On some levels, the ruling was relatively simple—the Court wanted to extend additional rights to foreign enemy combatant detainees. But on close examination, there were several complex issues involved. While few people will read the decision, this will not deter them from offering their opinions on the merits or flaws of the ruling. I encourage all citizens to read it and to get a thorough understanding of what the Court did in this case. This case is one of the most egregious examples you will find of judicial activism, lack of judicial restraint, and judicial pre-emption of foreign policy power and national defense power from the Executive and Legislative branches of the government. The implications of this decision are extensive and profound.

It is difficult to distill in a few words a concise summary of what happened in this case. The Majority opinion (authored by Justice Anthony Kennedy) took 70 pages. The dissent of Chief Justice John Roberts took 28 pages, and the dissent of Justice
Antonin Scalia took 25. When you add in Justice Souter’s 3-page concurring opinion—the total pages reach 126. But the reading of this opinion is a must for all patriots.

By the time you get to page 70 in Justice Kennedy’s majority opinion, you may be mesmerized or persuaded by his reasoning. The majority feels the pain of the enemy combatants at Guantanamo Bay, who for six years (some of them) have remained detained after they were captured in foreign lands fighting against our troops. To some, the length of this detention is intolerable. To some, the criticism that some international peoples level at the U.S. for maintaining the Guantanamo detention facility is more than they can stand. Five of the Supreme Court Justices appear to be in this group. Their impatience and disapproval of the nation’s operations in Guantanamo Bay has led them to hastily and abruptly take actions that have undermined over 200 years of constitutional precedence to attempt to appease enemies of America who will never be appeased because their hatred for America is unreasonable and intractable.

I. Background

Previous to the Boumediene ruling, alien enemy combatants had no rights to habeas corpus protection in U.S. courts if they were confined abroad in places where the U. S. was not sovereign.
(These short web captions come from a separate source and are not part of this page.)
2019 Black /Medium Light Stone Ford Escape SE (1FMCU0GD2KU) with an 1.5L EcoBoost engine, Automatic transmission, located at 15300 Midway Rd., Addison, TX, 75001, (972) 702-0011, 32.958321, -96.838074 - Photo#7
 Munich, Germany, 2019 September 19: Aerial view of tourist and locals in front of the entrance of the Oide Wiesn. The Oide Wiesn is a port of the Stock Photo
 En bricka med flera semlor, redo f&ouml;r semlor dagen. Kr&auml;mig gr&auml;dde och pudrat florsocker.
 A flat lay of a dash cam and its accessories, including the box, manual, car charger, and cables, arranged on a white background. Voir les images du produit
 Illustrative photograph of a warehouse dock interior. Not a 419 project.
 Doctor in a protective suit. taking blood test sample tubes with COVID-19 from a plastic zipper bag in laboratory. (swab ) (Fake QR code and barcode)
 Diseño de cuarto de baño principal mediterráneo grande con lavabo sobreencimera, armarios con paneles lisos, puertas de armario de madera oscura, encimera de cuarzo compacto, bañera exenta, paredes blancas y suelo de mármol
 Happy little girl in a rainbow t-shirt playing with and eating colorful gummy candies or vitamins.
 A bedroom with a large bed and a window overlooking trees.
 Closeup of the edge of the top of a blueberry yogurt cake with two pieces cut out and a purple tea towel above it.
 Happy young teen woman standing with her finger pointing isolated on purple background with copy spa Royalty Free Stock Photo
The case of Johnson v. Eisentrager, 339 U.S. 763, (1950) specifically held this. (See, e.g., Scalia, J., dissenting, p. 10.) The Bush administration properly relied on this precedent, as it detained captive, alien enemy combatants at Guantanamo Bay. But this year’s ruling in Boumediene abandoned stare decisis and overturned Eisentrager (1950) and effectively overturned Hamdi v. Rumsfeld, 542 U.S. 507 (2004) for no compelling reasons. A close examination of the Boumediene ruling will show that it will not give these enemy combatants any significant additional rights, and that the Boumediene holding will serve only as a rebuke of the Bush administration by the Court, when the Bush administration had in good faith relied on Supreme Court precedents. Consequently, all that this case accomplished is to diminish the power of the Executive Branch and to enlarge the power of the Judicial Branch.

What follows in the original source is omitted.